Captioned web image data

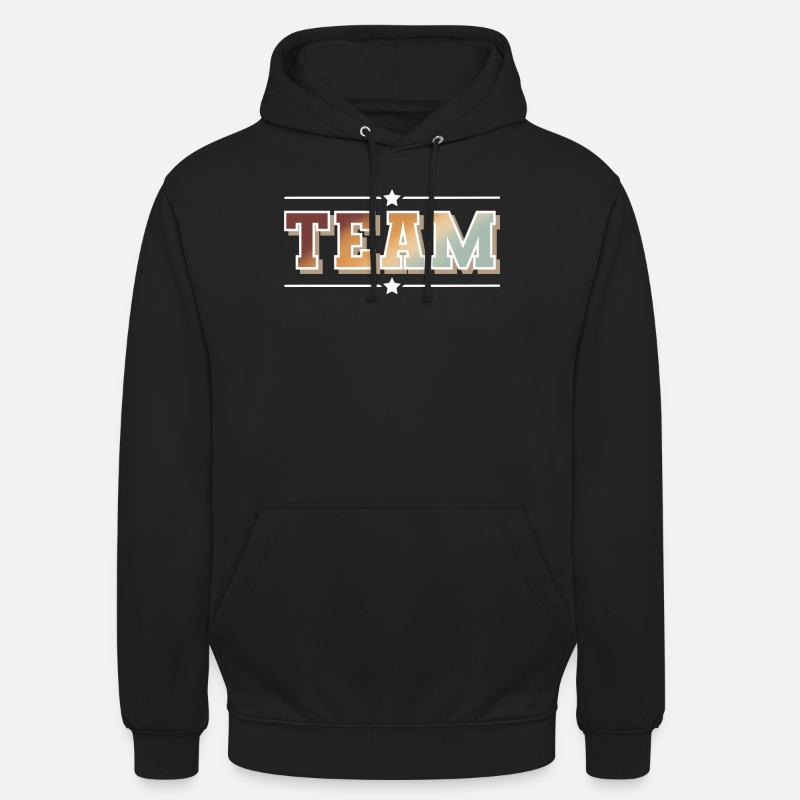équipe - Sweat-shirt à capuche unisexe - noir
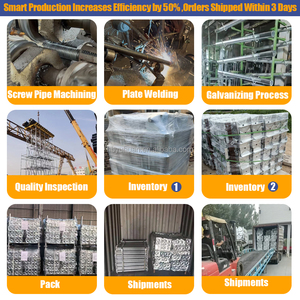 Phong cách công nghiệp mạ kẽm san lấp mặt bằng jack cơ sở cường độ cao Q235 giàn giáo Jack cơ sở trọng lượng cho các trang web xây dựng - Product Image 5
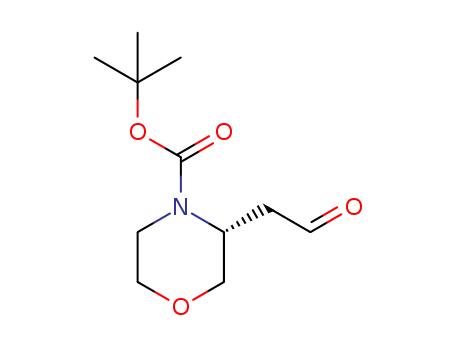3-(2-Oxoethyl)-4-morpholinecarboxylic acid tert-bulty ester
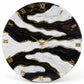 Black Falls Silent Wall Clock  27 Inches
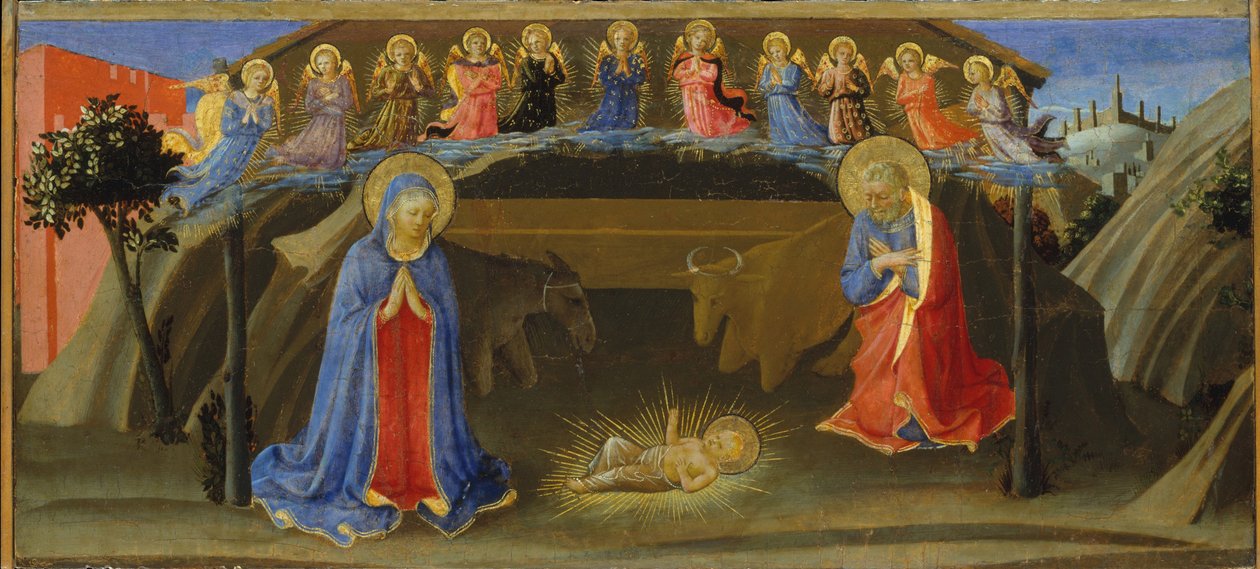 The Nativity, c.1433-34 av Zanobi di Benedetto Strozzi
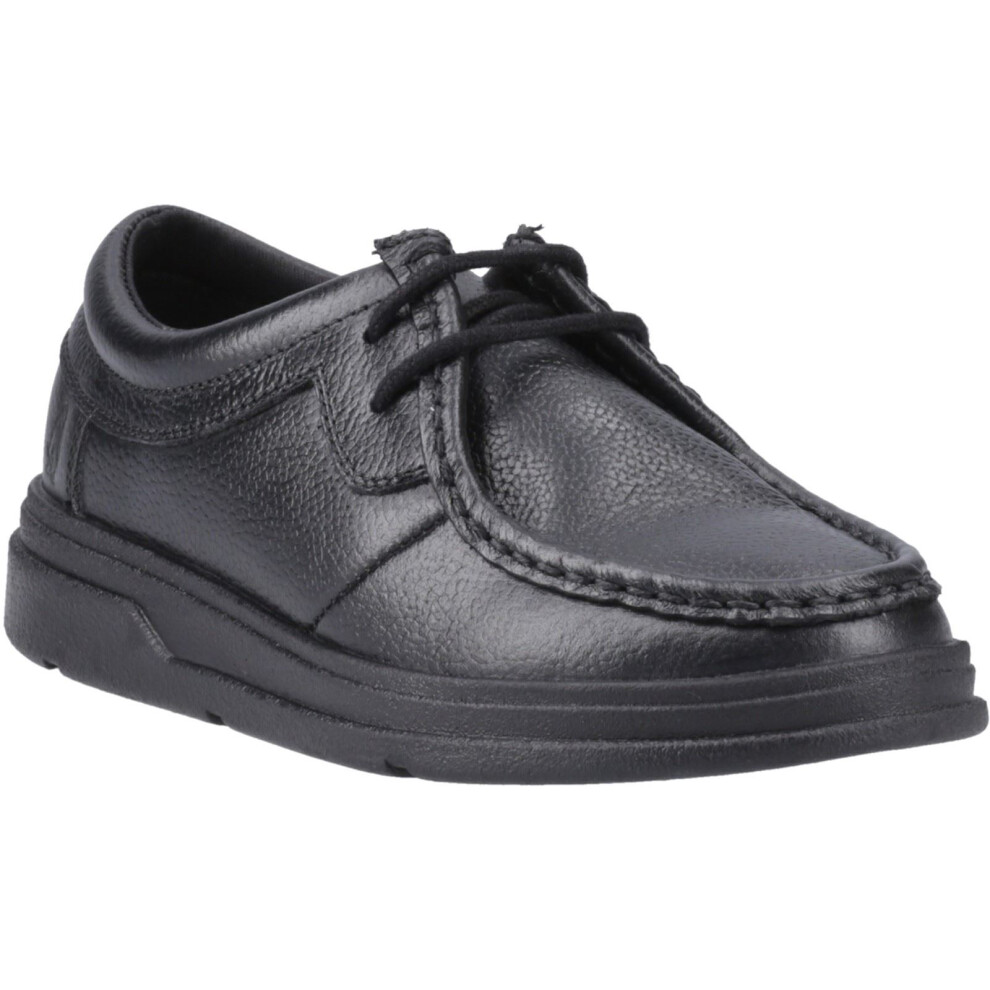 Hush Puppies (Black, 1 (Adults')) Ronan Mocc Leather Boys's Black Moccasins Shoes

YOUR GOAL: In the data above, the line containing "Black Falls Silent" and all lines after it are to be reproduced exactly, leaving out the pictures.

COMPLETED TASK:
 Black Falls Silent Wall Clock  27 Inches
 The Nativity, c.1433-34 av Zanobi di Benedetto Strozzi
 Hush Puppies (Black, 1 (Adults')) Ronan Mocc Leather Boys's Black Moccasins Shoes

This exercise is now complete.